Recently, I worked on a couple cases where my clients got bad advice, which got them into trouble.
The first case involved a woman with an otherwise strong asylum claim. As a young girl, she and her family were refugees in Iran. Someone in her community advised her it would be better not to tell the U.S. government (or her attorney) that she had been in Iran. The community adviser thought it would harm my client’s chances for relief if she revealed that she spent time in Iran. The client took this advice and did not tell the U.S. government (or me) that she lived in Iran for a few years. The problem, of course, was that the U.S. government–and the Asylum Officer who interviewed her–knew that she had been in Iran. Nevertheless, she denied having been there. After the interview, she told me that she had, in fact, been in Iran, and we submitted a letter to the Asylum Office explaining what happened. She may still get asylum, but her lie damaged her credibility, which could easily result in a denial. We shall see.

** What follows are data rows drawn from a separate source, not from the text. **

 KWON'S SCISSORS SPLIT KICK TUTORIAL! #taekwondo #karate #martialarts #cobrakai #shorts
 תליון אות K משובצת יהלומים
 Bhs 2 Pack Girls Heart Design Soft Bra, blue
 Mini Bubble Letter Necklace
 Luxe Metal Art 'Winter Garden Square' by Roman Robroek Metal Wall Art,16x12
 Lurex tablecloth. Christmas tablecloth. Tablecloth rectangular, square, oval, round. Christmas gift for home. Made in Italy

If you don’t know what you’re talking about: Stifle, would-ya?
The second case involved a woman who had been in the United States for more than one year. She was still in lawful status when conditions in her country changed causing her to fear return. About eight months after the changed circumstances, she went to a reputable non-profit organization to ask about asylum. She did not speak to an attorney, but was advised by a paralegal (or maybe a secretary) that she was ineligible for asylum since she missed the one year filing deadline. In fact, the client met two exceptions to the one-year filing deadline: First, changed circumstances, since country conditions changed, giving rise to her fear of persecution, and second, extraordinary circumstances given that she was still in lawful status when she went to the non-profit seeking advice about asylum. I recently litigated this case and the Immigration Judge granted asylum, but it was a close call. Had the client filed for asylum in a more timely manner, it would have been a much cleaner case.
In both cases, the advisers were (probably) well meaning, but in each case, they gave advice that greatly reduced the client’s chances for success. So my question is, when people don’t know what their talking about, why do they feel compelled to open their mouths and release some sort of useless–and worse than useless–noise?

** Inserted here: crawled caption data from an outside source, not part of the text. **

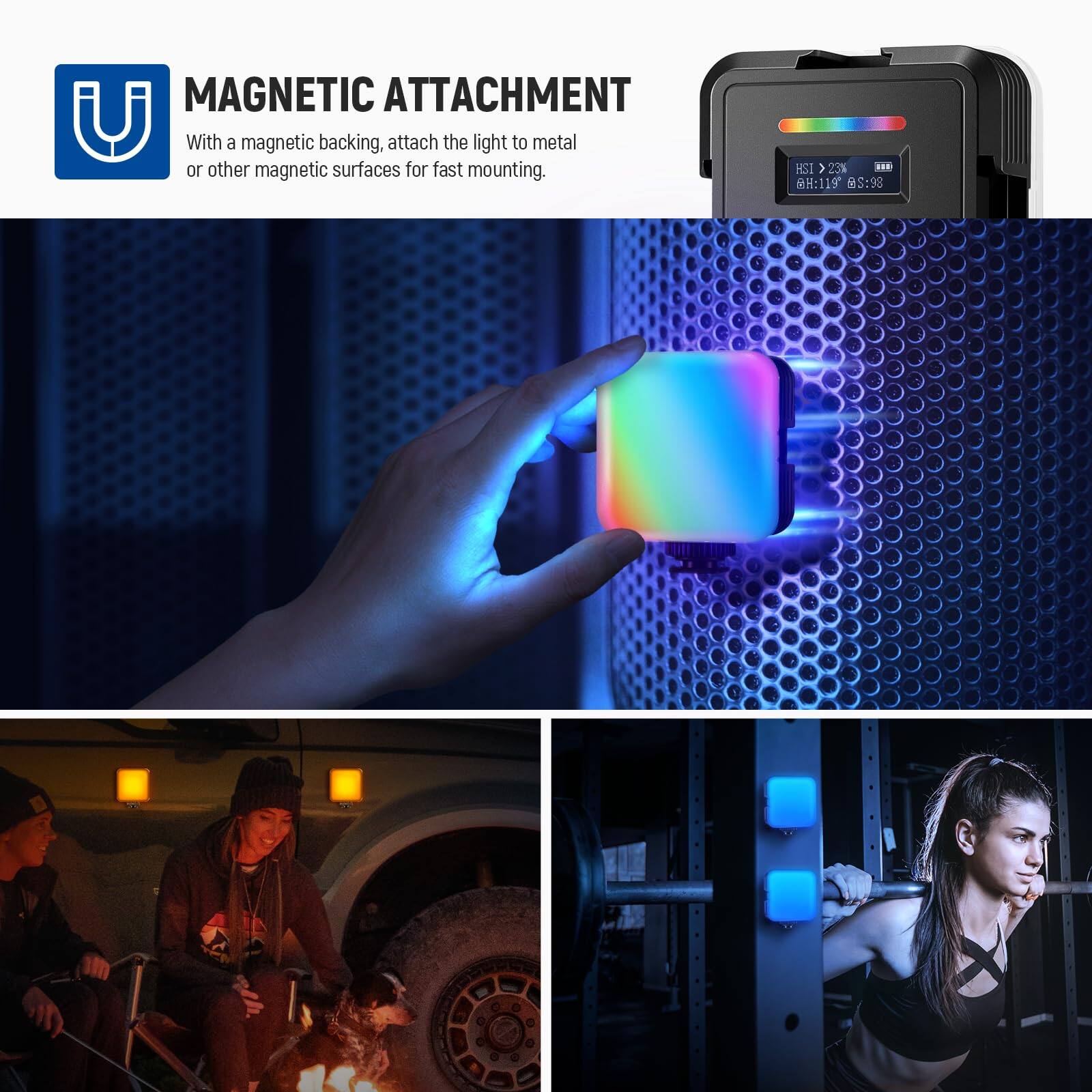 MAGNETIC ATTACHMENT  
With a magnetic backing, attach the light to metal or other magnetic surfaces for fast mounting.  

HSI > 23.0  
RH:119  
GS:98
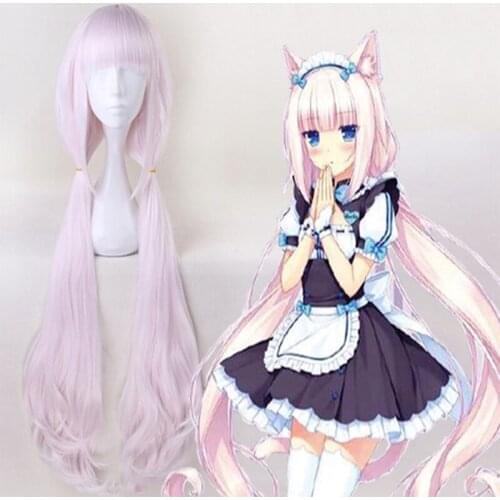 NEKOPARA Cosplay Wigs Vanilla Cosplay Wigs Heat Resistant Synthetic Anime Cosplay Wig Halloween Carnival Party Women Cosplay Wig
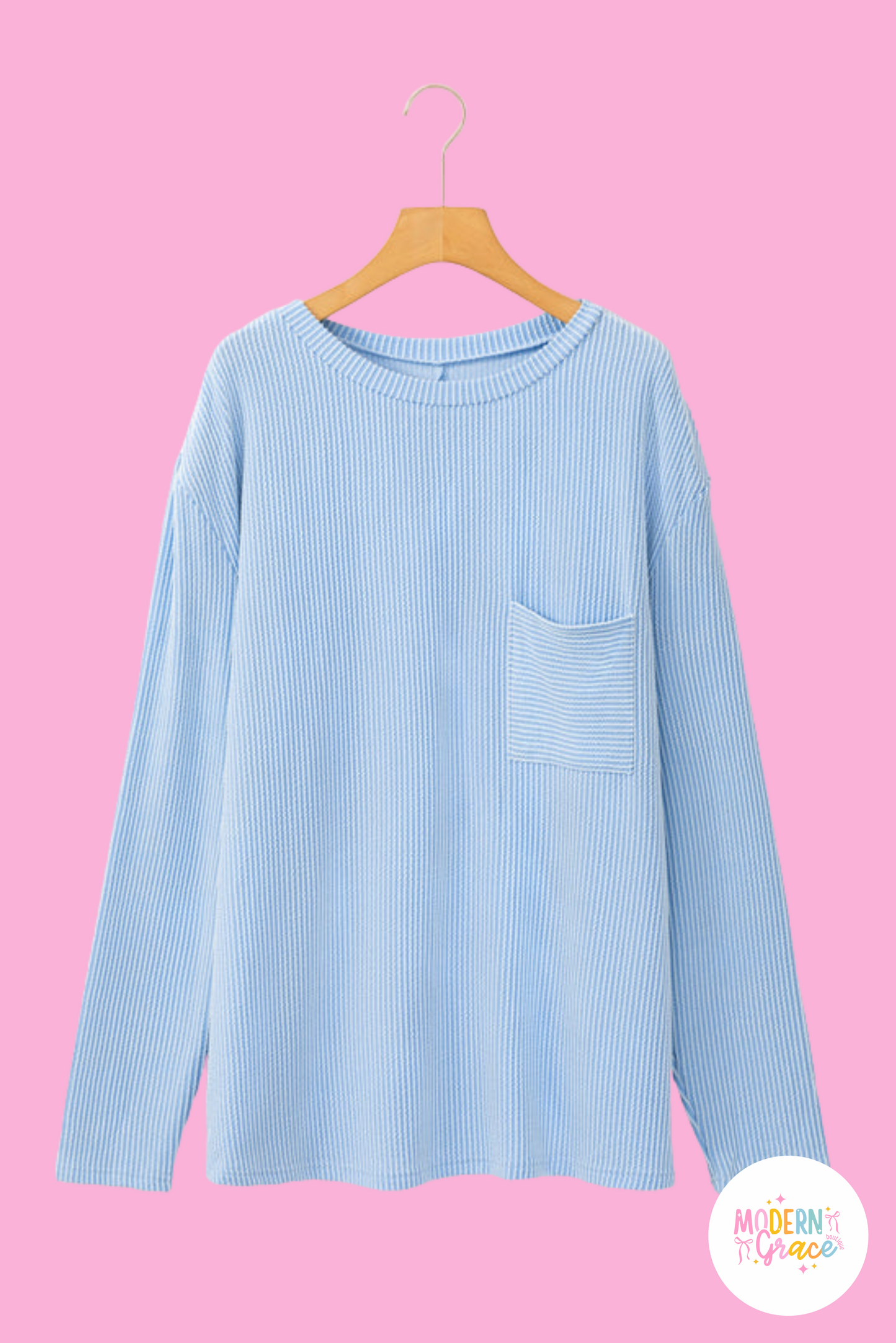 Curvy Light Blue Ribbed Textured Long Sleeve T Shirt (Warehouse Exclusives)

I remember a similar phenomenon from when I lived in Nicaragua (and I and other people have experienced it in different countries). I would need to find the post office, for example, and so I would ask someone on the street. The person would give an answer, like “Walk two blocks towards the lake, make a left at the church and you’ll see it on the next block.” In fact, the person had no idea where the post office was; he just didn’t want to admit that he didn’t know.

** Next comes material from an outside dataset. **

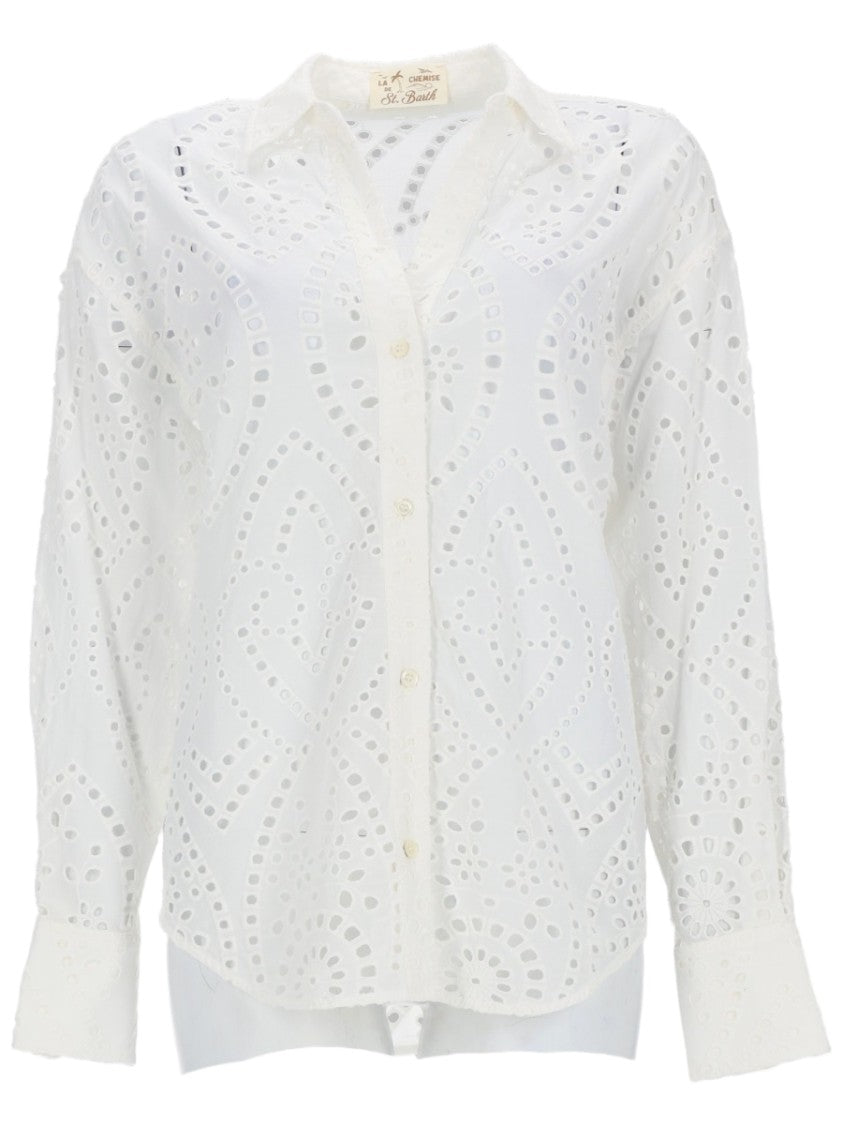 Mc2 Saint Barth White Eyelet Embroidery Cotton Shirt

So what gives? Maybe in part, its because people like to look knowledgeable and don’t like to admit ignorance. People often think they know more than they do, or that they understand the way things work, when they don’t. This can be a particular problem in an area like immigration law, where the rules of logic and common sense often do not apply.
To quote Noah ben Shea, “To be wise, we only have to go in search of our ignorance.” Indeed, had my clients’ advisers simply stated that they did not know, it would have saved everyone a lot of trouble. And so here is my advice for asylum seekers: Be careful when taking advice from friends or community members who “know how things work.” The law can be complicated and it sometimes changes. Just because your friend got asylum does not make him an expert–no two cases are the same, and what worked for one person might result in disaster for another. It feels uncomfortable and self serving for me to tell people to hire a lawyer, but time and time again, I see people whose cases (and lives) have been screwed up by bad advice. So find a reputable attorney and pay for some decent advice. In the long run, it may save you a lot of money and a lot of heartache.